Plot: Dr. Taylor befriends what he believes is a friendly alien from Venus and helps him figure out a way to come to earth to solve all of our problems and make us as technologically advanced and wonderful as his planet. But Zontar turns out to be a mean "thing" and actually has other plans, plans involving mind control and mayhem! Arrgh! Zontar!
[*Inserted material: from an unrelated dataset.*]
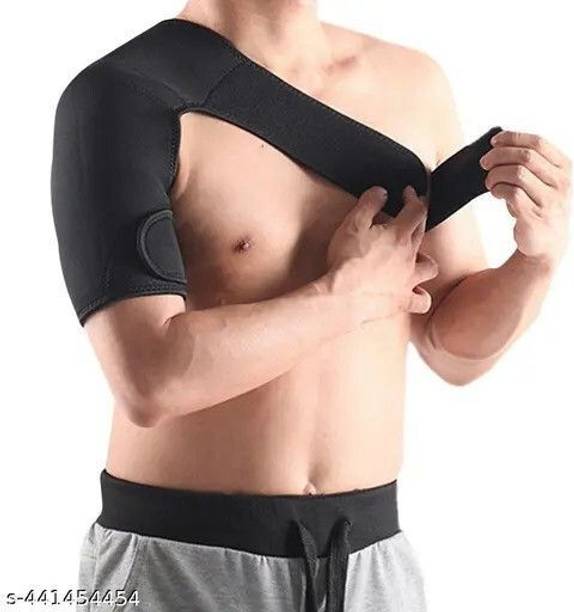 FITLOGAN Shoulder Support Brace With Adjustable Stretch Strap Belt For Men & Women Shoulder Support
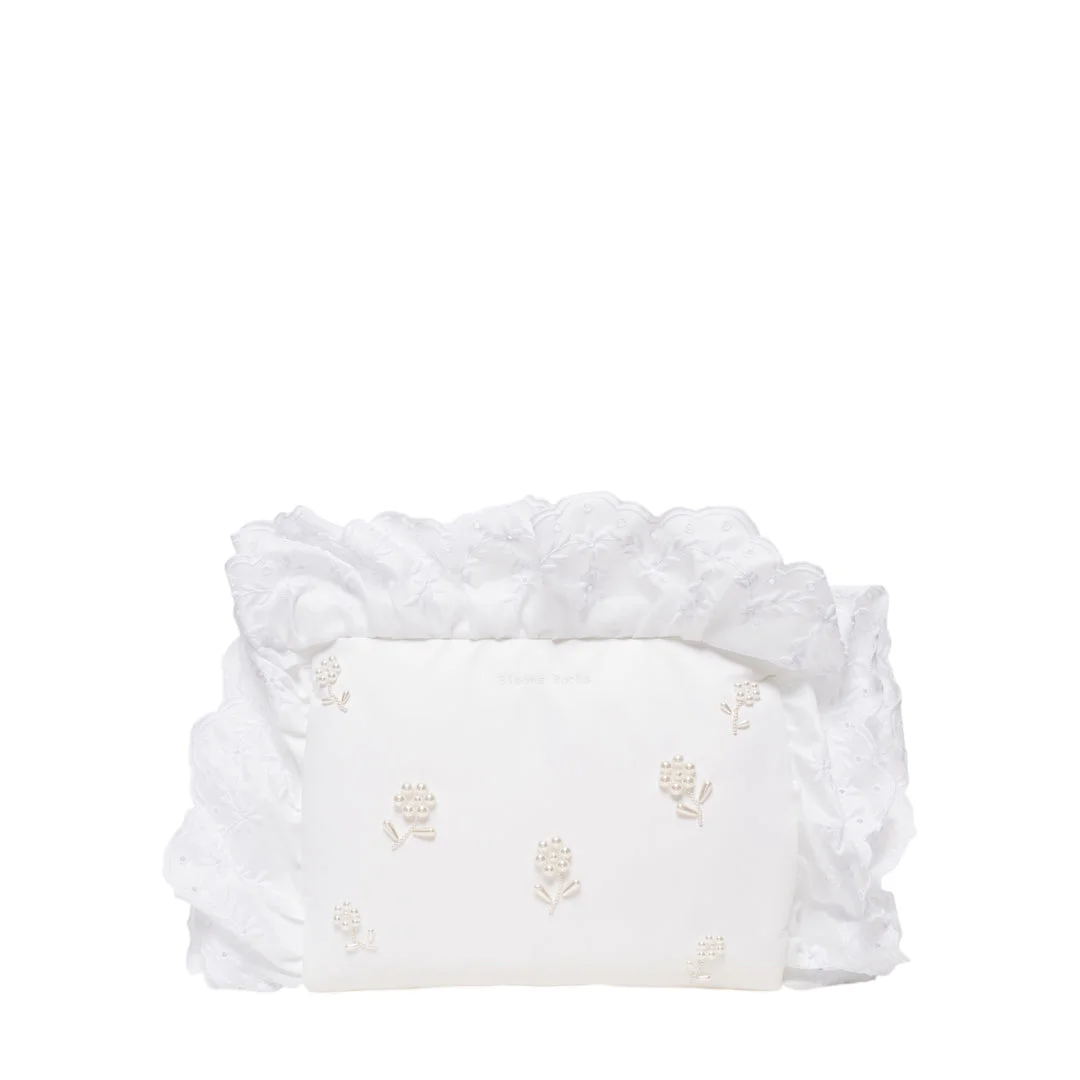 Pillowcase Clutch Bag With Embroidery - 1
So somebody at Azealea Pictures decided that it would be a good idea to remake a Roger Corman B-science fiction flick (It Conquered the World) with a worse director. See that poster there with the menacing "thing" that looks like it could be straight from the sketchbook of a possibly schizophrenic child? That's actually a fairly accurate visual. The "thing" doesn't look much better than that. I swear, by the way, that I've seen that exact screaming woman in the exact same pose on a poster for another movie. This is just as bad (just as good if your glass is half full) as Larry Buchanan's other movies (see Attack of the the Eye Creatures [sic] or It's Alive [the proud Manos Award winner for my blog two years ago]) which means it's fun enough to watch at least seven times and has this mystical quality that almost makes it worth basing a religion on. This is stuffed with some juicy dialogue, philosophically insightful stuff about good and evil. There's a lengthy quote at the end about how man needs to find the answers within as opposed to without and about how "war, misery, and strife have always been with us and we shall always strive to overcome them." I'm not 100% sure, but I think it was plagiarized from The Diary of Anne Frank. Oh, and the reason the thing is called Zontar? That explanation is priceless. There's also some really unfortunate attempts at comedy, mostly courtesy of a pair of soldiers. One of them says "I saw a funny-lookin' boid" about six times (because it's funny?) and once, my response (an "Ehhh" like I'd been punched hypogastrically) was the exact same as one of the characters. Zontar, as I mentioned, looks ridiculous, like a greasy owlish swamp thing with pterodactyl wings. When Larry Buchanan makes that thing fly though? That, ladies and gentlemen, is movie magic. Well, assuming seeing funny-lookin' boids is magical. My favorite scene: panic in the streets; a woman stops a policeman to ask a question about manually operating an iron lung. What the hell? The fact that she yells "Stop!" while standing face to face with the policeman adds another level of greatness.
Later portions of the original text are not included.